Background
I am working with a delimited string and was using String.Split to put each substring into an array when I noticed that the last spot in the array was ""
. It was throwing off my results since I was looking for a specific substring at the last index in the array and I eventually came across this post explaining all strings end with string.Empty
.
Example
The following shows this behavior in action. When I split my sentence and write each substring to the console, we can see the last element is the empty string:
public class Program
{
static void Main(string[] args)
{
const string mySentence = "Hello,this,is,my,string!";
var wordArray = mySentence.Split(new[] {",", "!"}, StringSplitOptions.None);
foreach (var word in wordArray)
{
var message = word;
if (word == string.Empty) message = "Empty string";
Console.WriteLine(message);
}
Console.ReadKey();
}
}
Question & "Fix"
I get conceptually that there are empty strings between every character, but why does String
behave like this even for the end of a string? It seems confusing that "ABC"
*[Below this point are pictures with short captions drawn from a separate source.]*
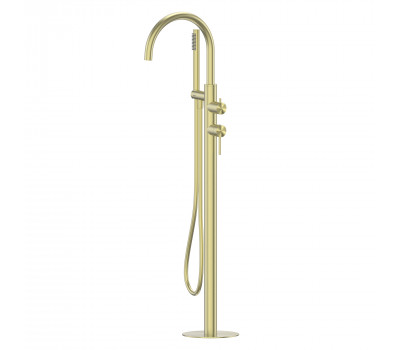 Смеситель ABBER Wasser Kreis 316 AF8115BG напольный для ванны, золото брашированное 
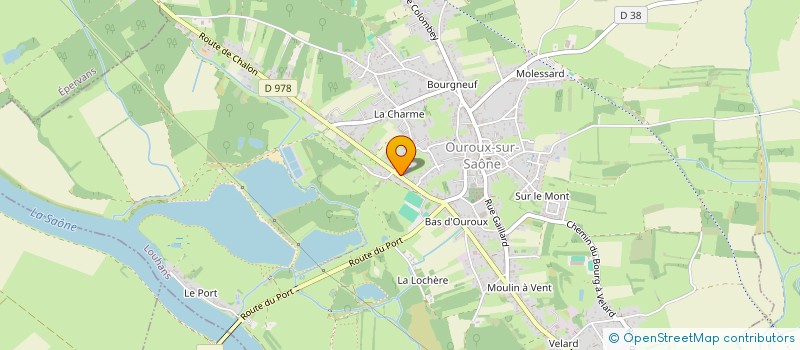 localisation de l'entreprise EURL GUILLOMON à OUROUX-SUR-SAONE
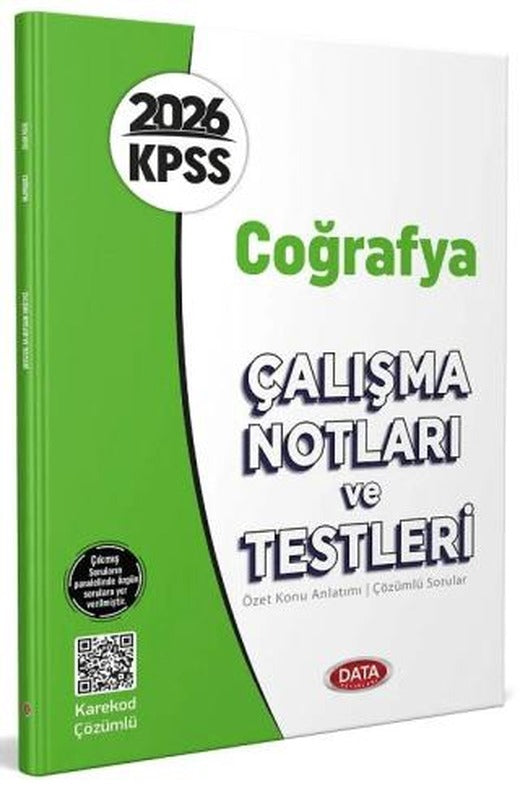 2026 KPSS Coğrafya Çalışma Notları ve Testleri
is equivalent to "ABC" + ""
or ABC + "" + "" + ""
so why not treat the string literally as only "ABC"
?
There is a "fix" around it to get the "true" substrings I wanted:
public class Program
{
static void Main(string[] args)
{
const string mySentence = "Hello,this,is,my,string!";
var wordArray = mySentence.Split(new[] {",", "!"}, StringSplitOptions.None);
var wordList = new List<string>();
wordList.AddRange(wordArray);
wordList.RemoveAt(wordList.LastIndexOf(string.Empty));
foreach (var word in wordList)
{
var message = word;
if (word == string.Empty) message = "Empty string";
Console.WriteLine(message);
}
Console.ReadKey();
}
}
But I still don't understand why the end of the string gets treated with the same behavior since there is not another character following it where an empty string would be needed. Does it serve some purpose for the compiler?